Which brings us to Rebozos, a seven-month-old taco stand in the middle of nowhere that's been hailed by some as the only genuine Mexican joint in town. Located in the wilds of Weston, it's even further obscured by an awning over its front door that reads Gypsies Café.
The setting is certainly the real McCoy the living room of owner/chefs Teresa Medina and Indalecio Marroquin's home. The small space has been modestly transformed into a family-style take-away slash lunch counter. That's the couple's two preschoolers squabbling over toys while a TeleLatino soap opera blares from a portable TV. They don't do that at Hernando's Hideaway.
Rebozos' lineup is just as minimal: a few soups and sandwiches along with the expected quesadillas, tostados and tacos.
To most North Americans, tacos are something that comes in a kit labelled El Paso, hard-shelled and topped with chopped iceberg lettuce, grated cheddar and a dollop of sour cream. They'd never recognize Rebozos' renditions. Wrapped in soft corn tortillas, they're served in five basic versions and are topping-free except for the optional house hot sauce.
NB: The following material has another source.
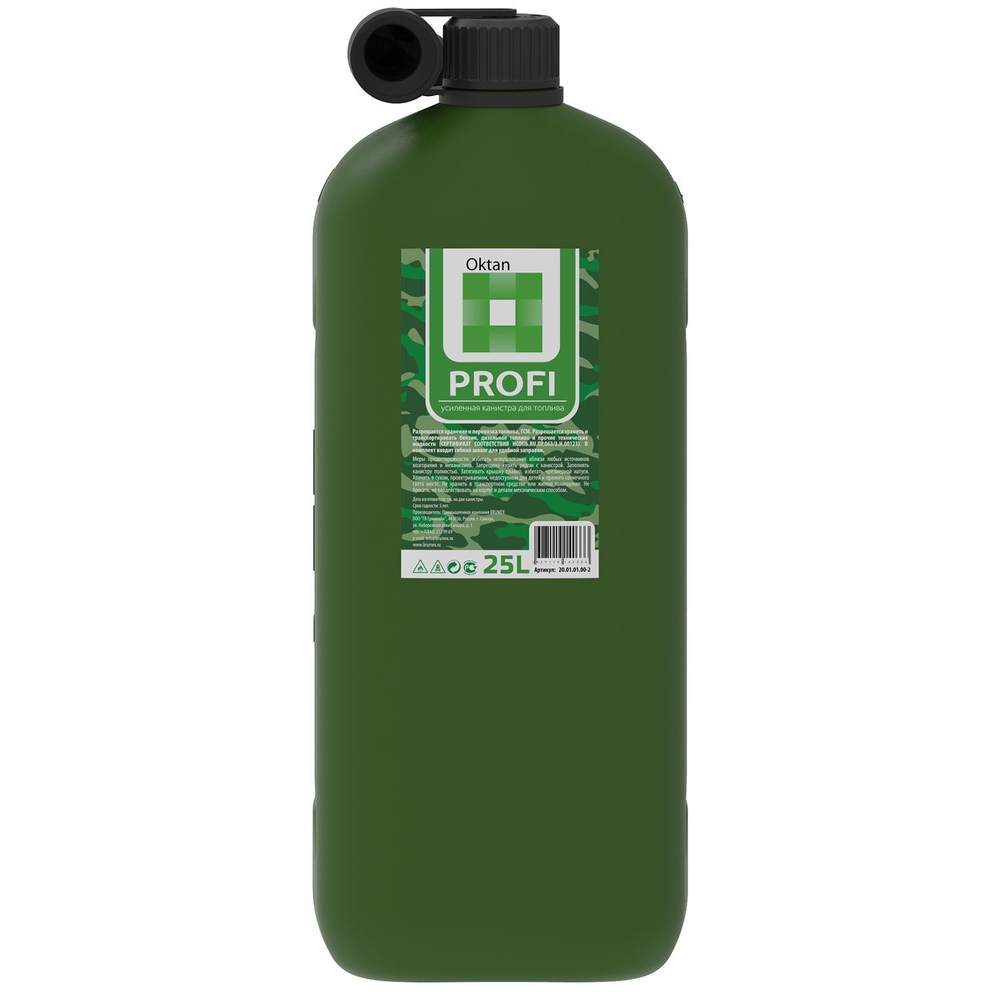 Канистра для ГСМ Профи, 25 л, A1-01-10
You won't need additional heat with a puerco adobado taco, sweet threads of dry-rubbed pork marinated in incendiary chilies that seem to disintegrate on the tongue as they build to a sweat-inducing finish.
The slow-braised pork shoulder carnitas taco (both $2) reduces the fireworks but ramps up the melt-in-your-mouth tenderness. In contrast, the carne de rez taco gets stuffed with overdone roast beef tossed with a fine dice of mild Spanish onion.
Weekend-only tacos include barbacoa (barbecued cubed lamb mixed with mild red and green bell pepper and caramelized onion) and sensational conchinita pibil (pork slow-cooked in orange juice and kicked with yellow achiote and cumin, all $2.50).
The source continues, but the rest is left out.